Problem => Set down the whole listing below exactly. The pictures stay out.

Data block =>

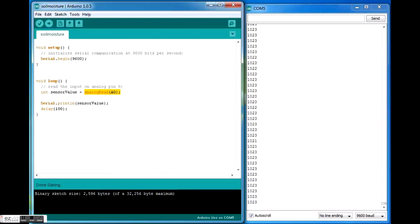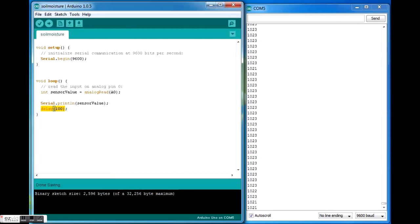We'll be receiving a sensor value ranging from zero to 1023 as you can see here, and we'll be printing the sensor value with the code serial.println at a delay of 100 milliseconds. So this sensor value is printed every 100 milliseconds.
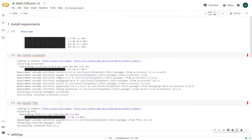Today we are going to explore the generation of anime images from text captions. To achieve this, we will use the Waifu Diffusion model provided by Hakure. It is derived from the stable diffusion model and conditioned on high quality anime images through fine-tuning.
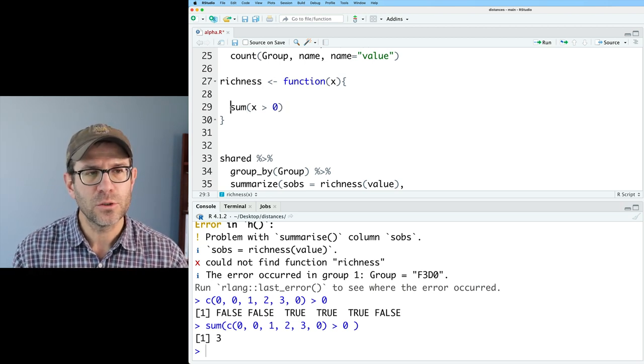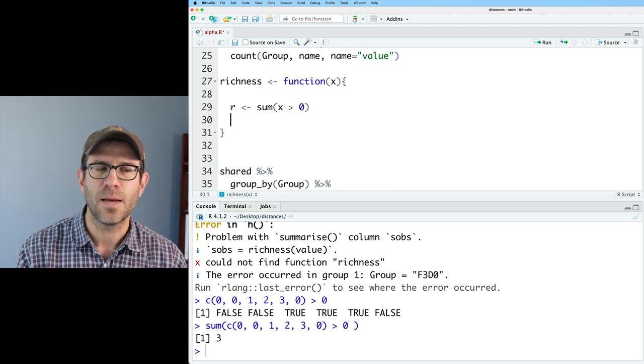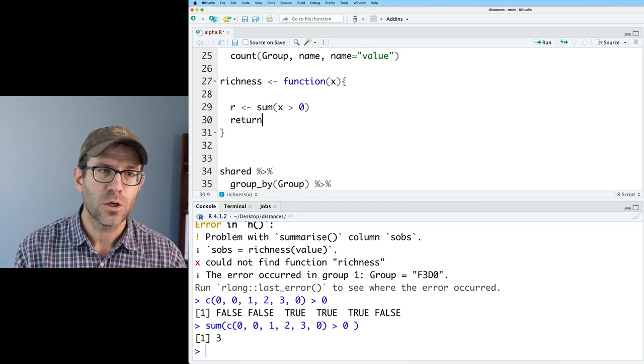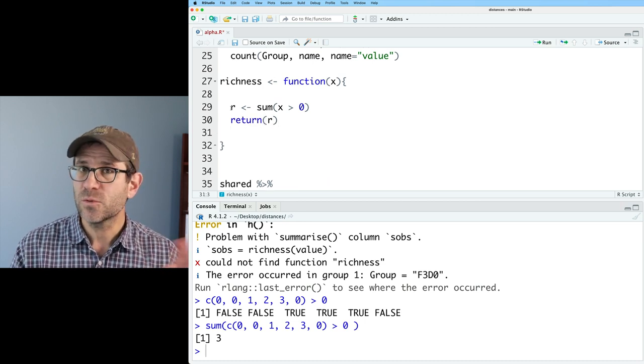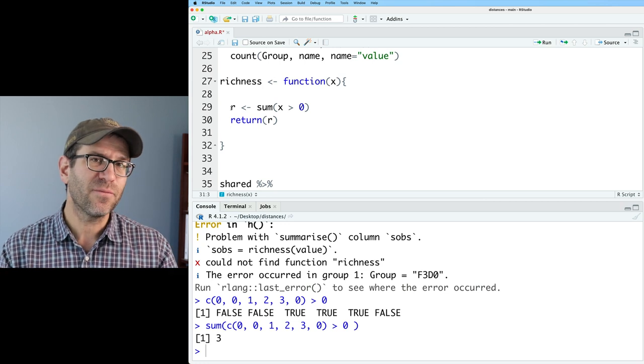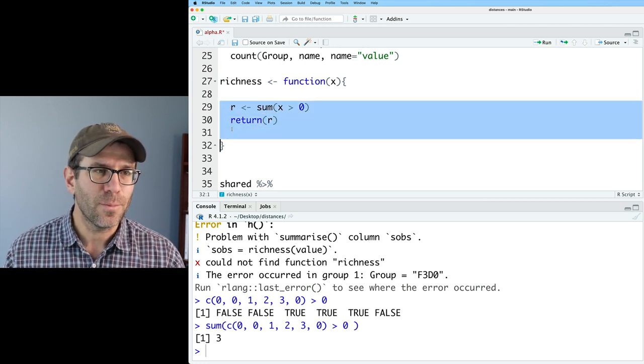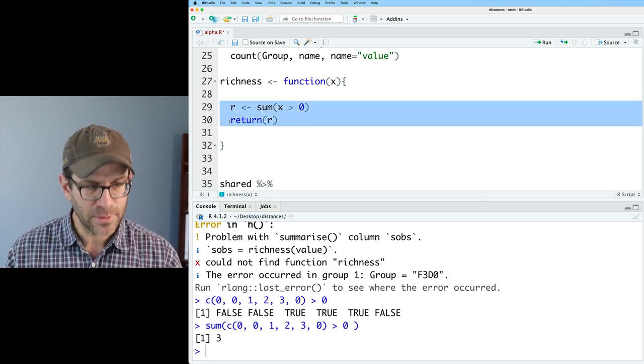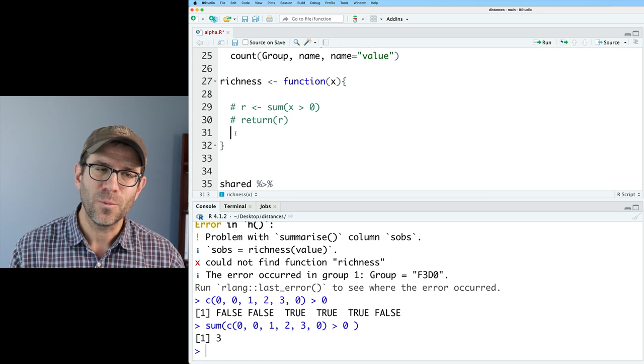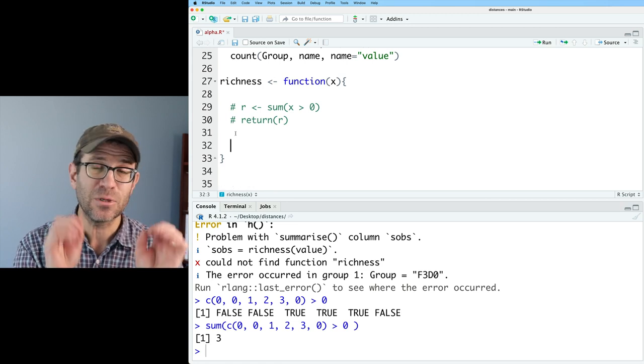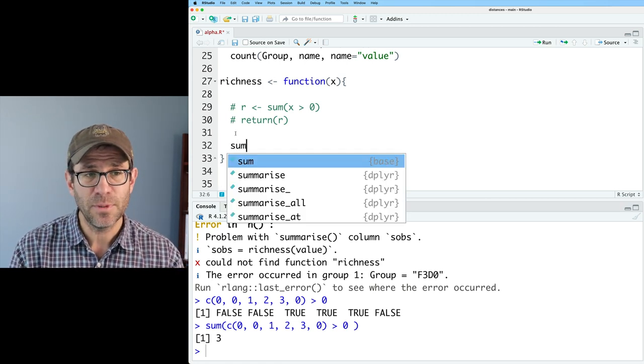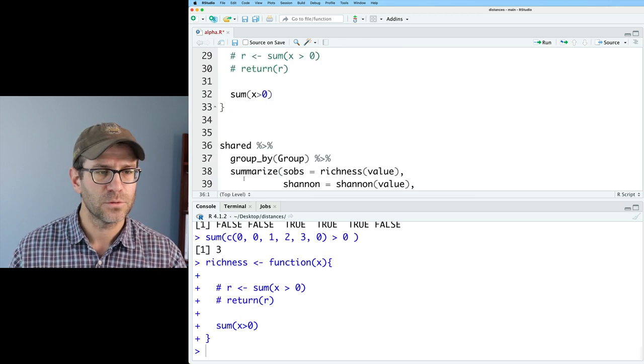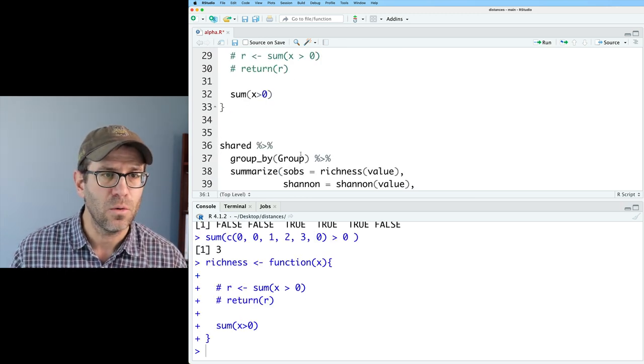And what we could do is we could say something like r equals sum x greater than zero, return r. And so this will work perfectly fine. It's a bit verbose. So I'm going to go ahead and comment this for now so that we don't have the verbose version, but the more simplified version would simply be to say sum x greater than zero. So we have that function loaded now.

Exercise response =>
We'll be receiving a sensor value ranging from zero to 1023 as you can see here, and we'll be printing the sensor value with the code serial.println at a delay of 100 milliseconds. So this sensor value is printed every 100 milliseconds.
Today we are going to explore the generation of anime images from text captions. To achieve this, we will use the Waifu Diffusion model provided by Hakure. It is derived from the stable diffusion model and conditioned on high quality anime images through fine-tuning.
And what we could do is we could say something like r equals sum x greater than zero, return r. And so this will work perfectly fine. It's a bit verbose. So I'm going to go ahead and comment this for now so that we don't have the verbose version, but the more simplified version would simply be to say sum x greater than zero. So we have that function loaded now.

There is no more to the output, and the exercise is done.